Geothermal power is the least used form of electrical generation in the U.S. as of 2009. This is another source of energy that Nikoli Tesla suggested could produce the steam necessary to turn an electric generator. The caption beneath one of his illustrations explains, "The arrangement of one of the great terrestrial power plants of the future. Water is circulated to the bottom of the shaft, returning as steam to drive the turbine, and then returned to liquid form in the condenser, in an unending cycle." (Tesla, 1931).
While geothermal power isn't used to its potential in the U.S., as of 2009 about one quarter of the electricity of Iceland was generated this way. In addition, eleven African countries are exploring the potential of using geothermal power.
The use of wind to generate power has increased in the U.S. by an average of 27% every year for the last five years. Even still, the amount of electricity generated by wind in the U.S. was less than 1 quadrillion btu , and less than 1% of the total electricity generated in 2009.
Biofuel represents the use of residual materials from practically anything. This includes wood chips, agricultural waste, vegetable oils, animal slurries, and even biogas such as nitrogen, hydrogen, methane, and carbon monoxide originating from the breakdown of organic matter. Biofuel is a renewable energy present in any industrial, agricultural or residential area. However, the United States Clean Air Act prevents it from being used for electrical production, and instead requires that it be treated to remove non-methane organic compounds, harmful greenhouse gasses. Ironically, treatment is usually done through combustion, which could provide the heat energy necessary to manufacture steam and therefore electricity.

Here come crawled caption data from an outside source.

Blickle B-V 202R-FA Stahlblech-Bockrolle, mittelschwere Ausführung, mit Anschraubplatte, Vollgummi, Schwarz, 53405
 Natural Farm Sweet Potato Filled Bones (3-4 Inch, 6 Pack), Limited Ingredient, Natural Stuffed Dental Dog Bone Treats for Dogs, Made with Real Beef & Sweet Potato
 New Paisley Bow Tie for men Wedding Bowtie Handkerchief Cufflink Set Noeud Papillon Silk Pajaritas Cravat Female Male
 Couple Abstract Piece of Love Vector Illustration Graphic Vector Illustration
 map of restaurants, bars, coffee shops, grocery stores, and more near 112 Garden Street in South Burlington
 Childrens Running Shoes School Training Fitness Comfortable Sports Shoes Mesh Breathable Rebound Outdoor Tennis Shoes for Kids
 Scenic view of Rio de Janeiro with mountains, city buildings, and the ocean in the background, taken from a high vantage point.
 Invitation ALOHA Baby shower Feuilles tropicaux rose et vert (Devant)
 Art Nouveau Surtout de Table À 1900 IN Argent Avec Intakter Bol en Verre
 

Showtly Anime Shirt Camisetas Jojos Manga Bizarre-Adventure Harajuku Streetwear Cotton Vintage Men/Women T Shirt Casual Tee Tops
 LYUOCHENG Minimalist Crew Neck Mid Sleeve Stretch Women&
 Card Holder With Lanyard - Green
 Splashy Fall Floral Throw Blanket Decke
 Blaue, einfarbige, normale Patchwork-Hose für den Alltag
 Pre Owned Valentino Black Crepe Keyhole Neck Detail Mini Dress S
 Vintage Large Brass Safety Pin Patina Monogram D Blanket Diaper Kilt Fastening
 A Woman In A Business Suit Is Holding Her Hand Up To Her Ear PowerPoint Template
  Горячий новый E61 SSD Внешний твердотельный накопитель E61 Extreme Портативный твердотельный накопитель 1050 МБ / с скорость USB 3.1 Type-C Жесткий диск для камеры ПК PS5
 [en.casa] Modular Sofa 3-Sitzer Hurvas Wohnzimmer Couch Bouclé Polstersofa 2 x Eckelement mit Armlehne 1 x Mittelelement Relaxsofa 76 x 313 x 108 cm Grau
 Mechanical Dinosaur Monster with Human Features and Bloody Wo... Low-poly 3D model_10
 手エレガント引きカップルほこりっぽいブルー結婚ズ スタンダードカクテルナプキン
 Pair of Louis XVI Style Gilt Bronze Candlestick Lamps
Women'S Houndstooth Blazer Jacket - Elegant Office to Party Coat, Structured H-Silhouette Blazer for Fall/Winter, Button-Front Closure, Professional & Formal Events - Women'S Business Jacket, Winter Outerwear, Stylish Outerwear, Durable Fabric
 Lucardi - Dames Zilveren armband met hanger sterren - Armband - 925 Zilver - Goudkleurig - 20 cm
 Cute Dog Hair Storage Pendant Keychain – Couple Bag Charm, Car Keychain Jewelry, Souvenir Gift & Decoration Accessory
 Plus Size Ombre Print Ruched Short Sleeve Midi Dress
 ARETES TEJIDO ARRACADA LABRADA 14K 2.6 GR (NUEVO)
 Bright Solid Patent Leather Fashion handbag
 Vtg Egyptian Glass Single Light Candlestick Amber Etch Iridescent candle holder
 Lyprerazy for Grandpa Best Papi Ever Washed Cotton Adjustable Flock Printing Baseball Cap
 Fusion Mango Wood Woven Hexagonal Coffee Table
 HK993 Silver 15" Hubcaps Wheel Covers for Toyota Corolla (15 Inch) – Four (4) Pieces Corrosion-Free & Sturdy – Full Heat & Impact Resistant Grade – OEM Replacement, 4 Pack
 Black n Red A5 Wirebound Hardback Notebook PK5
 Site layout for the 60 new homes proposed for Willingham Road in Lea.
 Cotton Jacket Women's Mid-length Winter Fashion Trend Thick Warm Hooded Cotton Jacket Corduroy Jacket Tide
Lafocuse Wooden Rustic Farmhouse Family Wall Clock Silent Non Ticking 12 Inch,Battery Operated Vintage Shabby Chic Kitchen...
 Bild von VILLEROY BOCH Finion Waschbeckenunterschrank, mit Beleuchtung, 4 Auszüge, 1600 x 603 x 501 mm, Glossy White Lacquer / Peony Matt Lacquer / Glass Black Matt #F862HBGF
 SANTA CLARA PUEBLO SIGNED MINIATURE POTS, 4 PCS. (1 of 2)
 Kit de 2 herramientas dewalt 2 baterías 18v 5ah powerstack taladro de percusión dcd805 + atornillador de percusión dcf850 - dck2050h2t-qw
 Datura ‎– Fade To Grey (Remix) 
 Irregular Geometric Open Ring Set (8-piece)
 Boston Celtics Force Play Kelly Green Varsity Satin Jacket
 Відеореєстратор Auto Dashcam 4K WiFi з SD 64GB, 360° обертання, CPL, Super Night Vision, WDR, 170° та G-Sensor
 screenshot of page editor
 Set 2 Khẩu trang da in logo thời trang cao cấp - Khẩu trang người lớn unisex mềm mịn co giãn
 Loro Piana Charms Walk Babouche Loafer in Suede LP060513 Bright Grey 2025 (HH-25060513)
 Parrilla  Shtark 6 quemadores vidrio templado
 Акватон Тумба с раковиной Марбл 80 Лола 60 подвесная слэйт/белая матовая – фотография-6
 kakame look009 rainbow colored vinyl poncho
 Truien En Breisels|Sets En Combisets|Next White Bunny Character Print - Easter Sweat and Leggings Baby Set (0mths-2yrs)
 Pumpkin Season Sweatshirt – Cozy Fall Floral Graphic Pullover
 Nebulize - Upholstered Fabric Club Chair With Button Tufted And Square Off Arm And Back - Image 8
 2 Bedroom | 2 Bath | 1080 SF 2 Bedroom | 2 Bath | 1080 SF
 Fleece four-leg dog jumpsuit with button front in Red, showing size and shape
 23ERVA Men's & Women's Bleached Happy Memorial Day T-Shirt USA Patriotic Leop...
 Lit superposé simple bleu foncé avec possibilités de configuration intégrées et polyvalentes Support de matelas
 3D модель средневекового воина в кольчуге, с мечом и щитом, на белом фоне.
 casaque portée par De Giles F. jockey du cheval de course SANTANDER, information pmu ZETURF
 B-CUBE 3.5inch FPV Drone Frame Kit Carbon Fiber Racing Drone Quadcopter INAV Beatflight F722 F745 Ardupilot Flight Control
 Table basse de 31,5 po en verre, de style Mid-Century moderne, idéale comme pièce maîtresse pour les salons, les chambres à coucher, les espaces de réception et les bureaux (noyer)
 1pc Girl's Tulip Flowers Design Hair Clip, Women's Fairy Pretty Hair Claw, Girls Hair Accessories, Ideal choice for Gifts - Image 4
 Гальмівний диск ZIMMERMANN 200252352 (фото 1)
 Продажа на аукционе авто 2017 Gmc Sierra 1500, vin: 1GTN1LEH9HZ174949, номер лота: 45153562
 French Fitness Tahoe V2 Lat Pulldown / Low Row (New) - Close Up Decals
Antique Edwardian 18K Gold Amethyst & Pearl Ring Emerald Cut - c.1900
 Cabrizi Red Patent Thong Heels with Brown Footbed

There are technologies in development which would make biofuel that is in compliance with the Clean Air Act. And, which could be used to fuel vehicles in addition to power plants. Time Magazine reported that Algenol is researching the use of algae to produce biofuel. In addition, Mascoma is attempting to discover or engineer a bacteria which will convert plant waste directly into biofuel. (Walsh, 2009).
These researches into biofuel sources and production methods are in the minority of research currently being performed. There are many ways to produce electricity from renewable sources that work and are reliable but are not being used anywhere near to their potential.
Most of the uses of renewable energy involve either using a renewable source to produce steam, or using the source to directly turn the turbines in the power plant. Concentrated solar power uses the heat from the sun to produce steam. Likewise, geothermal power uses the heat and pressure of the Earth to produce steam. The process of burning some forms of biofuel to make it environmentally safe could be used to produce steam.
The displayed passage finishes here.